Over the next few months, I put my newfound skill to good use as I went to my hometown of Guelph as well as hither and yon. Sometimes I’d have a hand-lettered sign saying, “Student to Huntsville,” but for the most part just stuck out a hopeful thumb. Most of the rides were with men on their own. Maybe they were looking for company. Only once did I feel awkward. A man talked a lot about a bellhop he knew at the Royal York Hotel who seemed to have homosexual tendencies but that was as bad as things ever got.
During the next summer, when I worked in the newsroom at the London Free Press, I wrote an article about what I called “riding the golden thumb.” The feature was given great play and stretched all the way across the bottom of a section front. Hitchhiking was popular at the time but a few years later seemed to fade. Perhaps more young people had cars or maybe the world got riskier.

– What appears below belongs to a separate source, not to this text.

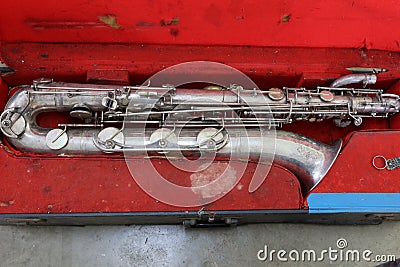 top view of antique silver saxophone instrument collection broken instrument can't use Stock Photo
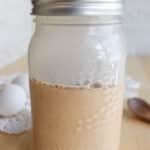 A mason jar filled with a creamy, light brown liquid sits on a wooden table. Two eggs, a lace doily, and a wooden spoon are in the background.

In 1967, my final year at Western, I was interviewed on campus by the head of personnel at Maclean Hunter. Our talk seemed to go well but I never heard back. I decided one night to go to Toronto the next morning and present myself at his office to precipitate an answer. I had only enough cash in hand for a one-way train ticket and arrived at his office at 9 a.m. He set up appointments with four other colleagues and I was hired, the only graduate they took on that year. I had just enough money left to take the subway north as close as I could to Highway 401, walked to the highway, and hitched a ride back in good time for my 5:30 p.m. evening shift at the Free Press. The Golden Thumb never worked better.